Automatic thread extraction done by the compiler is desirable, but is challenging due to ambiguous memory aliasing and its effectiveness has been limited for generalpurpose applications. In the presence of complex control flow and ambiguous pointer usage, traditional parallelization schemes must conservatively ensure correctness by synchronizing all potential dependences, which inevitably limits parallel performance.
In Figure 1 (a), the compiler attempts to partition the sequential execution into two parallel threads T1 and T2. As a result, two pointer-based memory accesses, a logically earlier store and a logically later load, are allocated to two different threads, and their relative order is inverted in parallel execution. This partitioning is safe only if these two instructions access different memory locations. However, their memory addresses are unknown at the compilation time. Hence the compiler is forced to give up parallelizing this code region. Traditional compilers have very limited capability in parallelizing pointer-based code.
Speculative Thread Execution Model
A number of execution models have been proposed to extract parallelism in applications with ambiguous dependences. This article focuses on one such model: Thread-Level Speculation (TLS) [Knight 1986; Akkary and Driscoll 1998; Franklin and Sohi 1992; Cintra and Torrellas 2002; Dubey et al. 1995; Sohi et al. 1995; Gupta and Nim 1998; Hammond et al. 1998; Marcuello and González 1999; Oplinger et al. 1999; Steffan et al. 2000; Tsai et al. 1999] . TLS allows the compiler to parallelize a sequential program without first proving the independence among the extracted threads. During runtime, the underlying hardware keeps track of each memory access, determines whether any data dependence is violated, and reexecutes the violating thread(s) as needed.

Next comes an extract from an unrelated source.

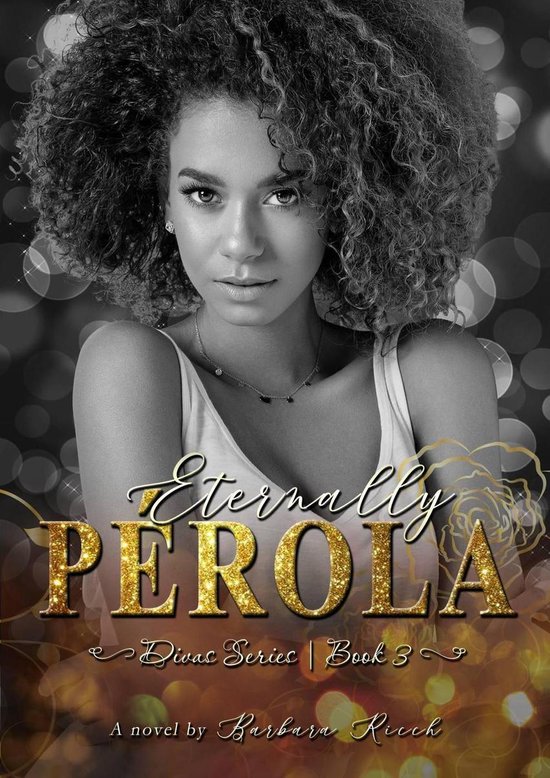 Divas Series 3 - Eternally Pérola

Figure 1(b) illustrates the concept of speculative execution. The threads are numbered according to their original sequential order. If no dependence is violated, the speculative thread commits (thread 2); otherwise, it is squashed and reexecuted (thread 3). TLS empowers compilers to parallelize program regions that were previously nonparallelizable.
Limitations of the Static Approaches
To extract speculative threads, the compiler or the runtime system must perform trade-off analysis to determine the performance impact of parallelization. Existing work on TLS mostly relies on compilers to statically analyze programs, and then extract speculative threads [Liu et al. 2006; Zhai et al. 2002 Zhai et al. , 2004 Wang et al. 2005; Johnson et al. 2004; Vijaykumar and Sohi 1998; Marcuello and González 2002; Johnson et al. 2007] . We refer to them as static thread management.
In static approaches, compilers often analyze extensive profile information to estimate the performance impact of speculative threads and then determine where and how to create speculative threads. Being able to perform global and even interprocedure analyses, compilers can extract coarse-grain parallelism in which speculative threads may contain several thousand instructions. However, it is difficult and sometimes impossible for compilers to accurately estimate the performance impact even when extensive profile information is available. We have identified four key reasons.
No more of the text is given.